Which Research Design Allows Cause-and-Effect Conclusions?

A true experimental design is the only research design that allows cause-and-effect conclusions. The defining feature is random assignment of participants to groups, combined with researcher control over the independent variable. Among common research designs listed in textbooks and exams, the randomized controlled trial (RCT) sits at the top of the evidence hierarchy specifically because it can establish causation rather than mere association.

What Makes an Experiment “True”

Three elements separate a true experiment from every other research design: manipulation of an independent variable, a control group, and random assignment. The researcher deliberately changes one thing (the independent variable) and measures what happens to the outcome (the dependent variable), while a control group receives no change or a placebo. Random assignment ensures that every participant has an equal chance of ending up in either group.

Random assignment is the critical ingredient. It distributes all the characteristics you can measure, and all the ones you can’t, roughly equally across groups. That means any difference in outcomes at the end of the study can be attributed to the variable you manipulated, not to pre-existing differences between the groups. Without it, you can never be sure some hidden factor is driving the results.

Why Other Designs Fall Short

Correlational studies measure naturally occurring variables and look for relationships between them, but the researcher never intervenes. If aggressive children also watch more violent television, a correlational study can tell you those two things go together. It cannot tell you which one causes the other, or whether a third factor, like lack of parental supervision, explains both. This is sometimes called the “third variable problem,” and it is impossible to rule out without experimental control.

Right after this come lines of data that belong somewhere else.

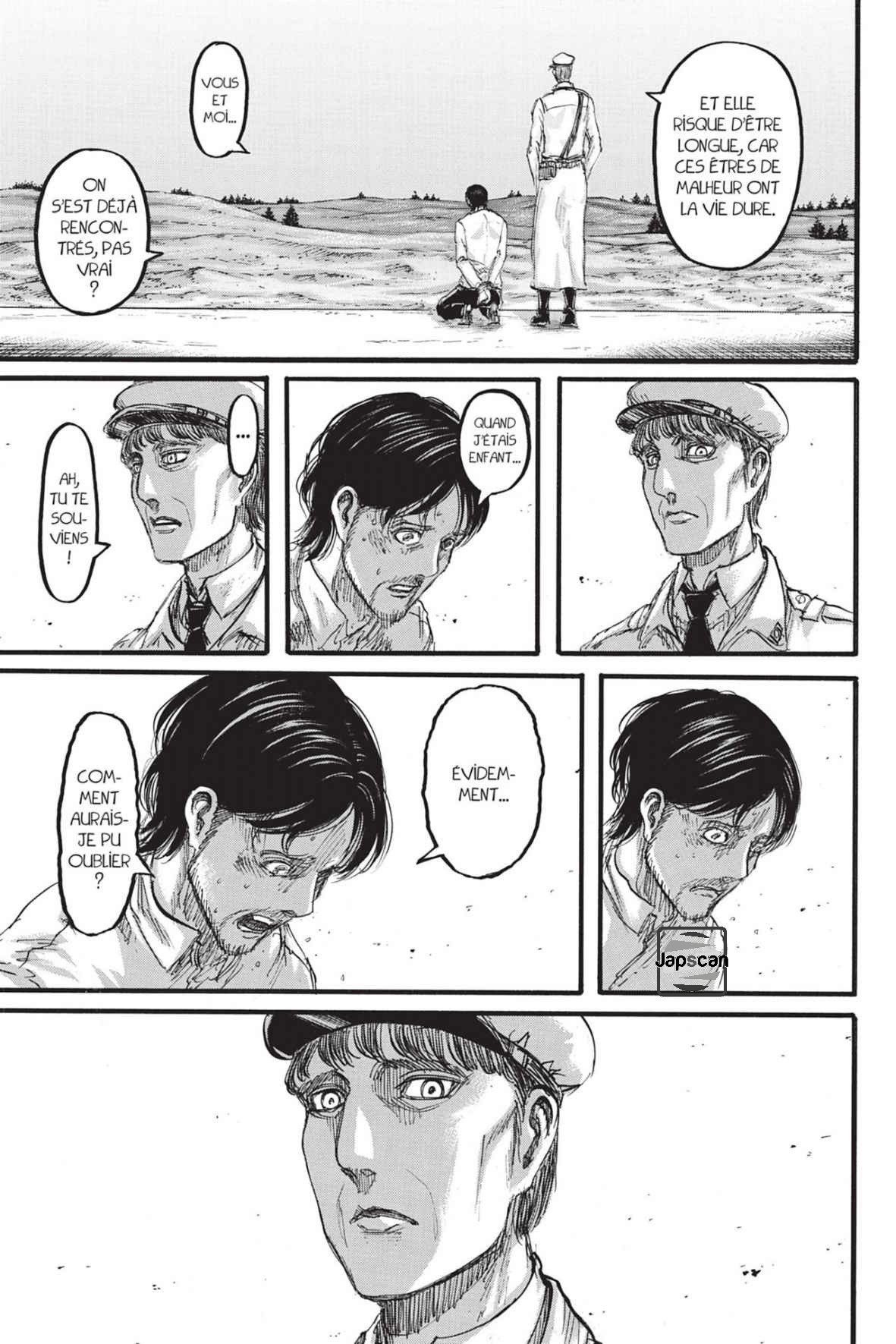 Read Attack On Titan FR Manga Online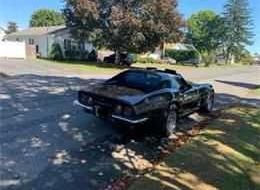Chevrolet Corvette C3 Stingray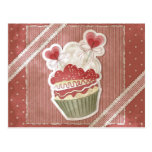 Sweet Cupcake Postcard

Descriptive designs like cross-sectional surveys, case-control studies, and cohort studies occupy lower levels of the evidence hierarchy. Their goal is to describe the characteristics of a population or identify patterns, not to establish causation. A cohort study can show that a certain exposure precedes an outcome over time, but a temporal relationship alone is not the same as a causal one. Something else could still be responsible.

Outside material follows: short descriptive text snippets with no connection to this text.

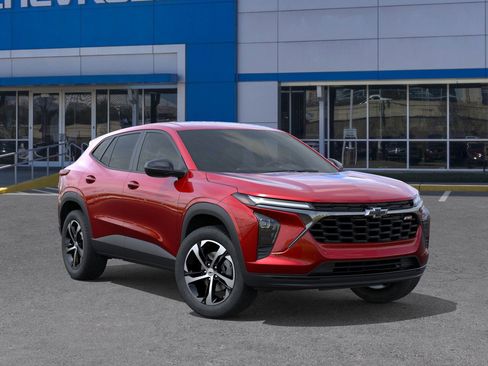 New 2026 Chevrolet Trax RS image 7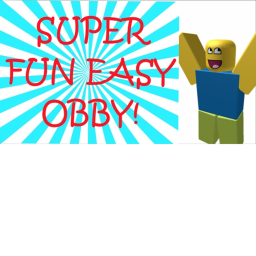 Super easy obby! (BETA) 100 visit special!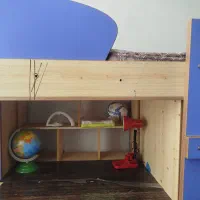 تخت خواب دو طبقه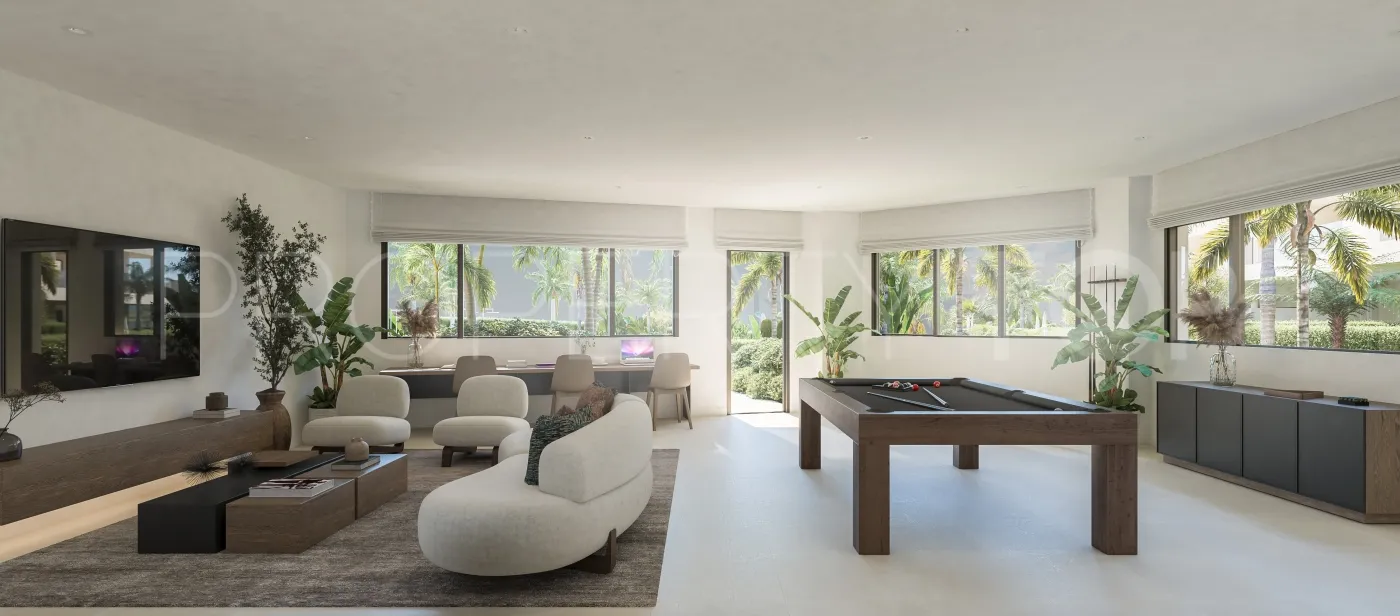 Apartamento a la venta de 3 dormitorios en Estepona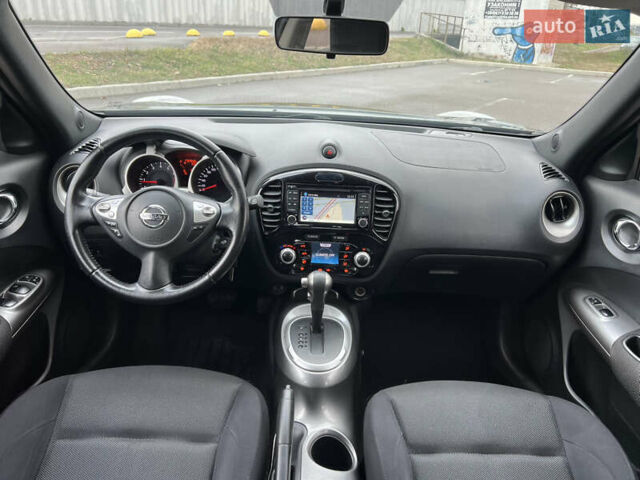 Черный Ниссан Жук, объемом двигателя 1.6 л и пробегом 172 тыс. км за 10900 $, фото 22 на Automoto.ua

Quasi-experimental designs get closer. They involve some form of manipulation or comparison, but they lack random assignment. A researcher might compare students in two different schools that adopted different curricula, for example. Because the groups were not randomly formed, there is no guarantee they were equivalent at the start. Quasi-experiments rely on stronger statistical assumptions to approximate causal claims, and those assumptions may or may not hold. As one large review of causal inference methods put it, RCTs rely on “the fewest and weakest assumptions,” while quasi-experimental designs require “more or stronger assumptions” and may only identify effects for limited subgroups.

The Gold Standard in Practice

The randomized controlled trial is widely described as the gold standard for evaluating whether an intervention actually works. In medicine, an RCT might randomly assign patients to receive a new drug or a placebo. In education, students might be randomly placed into a new teaching method or a traditional one. Because randomization balances both known and unknown confounders across groups, any difference in outcomes points directly to the intervention itself.

That said, randomization alone is not automatically sufficient. A poorly run experiment with high dropout rates, inconsistent treatment delivery, or participants who switch groups can still produce misleading results. The design creates the conditions for valid causal inference, but execution matters.

When True Experiments Are Not Possible

Some causal questions cannot ethically be tested with a true experiment. You cannot randomly assign people to smoke for 20 years or expose children to dangerous pollution. In these cases, researchers turn to observational methods and try to approximate experimental conditions using statistical tools. One common approach pairs each exposed person with an unexposed person who is otherwise similar on dozens of measured characteristics, creating a comparison that mimics what random assignment would have produced. Other techniques exploit natural cutoffs or policy changes that effectively divide people into groups as if by chance.

These methods can strengthen causal arguments considerably, but they always carry a caveat: they can only account for the variables the researchers measured. An unmeasured confounder can still bias the results. That is why, when a true experiment is feasible and ethical, it remains the strongest path to a cause-and-effect conclusion.

Quick Comparison of Common Designs

  • True experimental (RCT): Random assignment, manipulation of a variable, control group. Can establish causation.
  • Quasi-experimental: Manipulation of a variable but no random assignment. Supports causal arguments under strong assumptions, but cannot definitively prove causation.
  • Correlational: Measures naturally occurring variables. Shows relationships but cannot determine cause or direction.
  • Descriptive (cross-sectional, case-control, cohort): Characterizes populations or tracks patterns over time. Cannot establish causation.

If you are answering an exam question asking which design “allows” or “permits” cause-and-effect conclusions, the answer is the true experimental design, specifically because of random assignment. It is the only design that systematically eliminates alternative explanations for why the groups differ at the end of the study.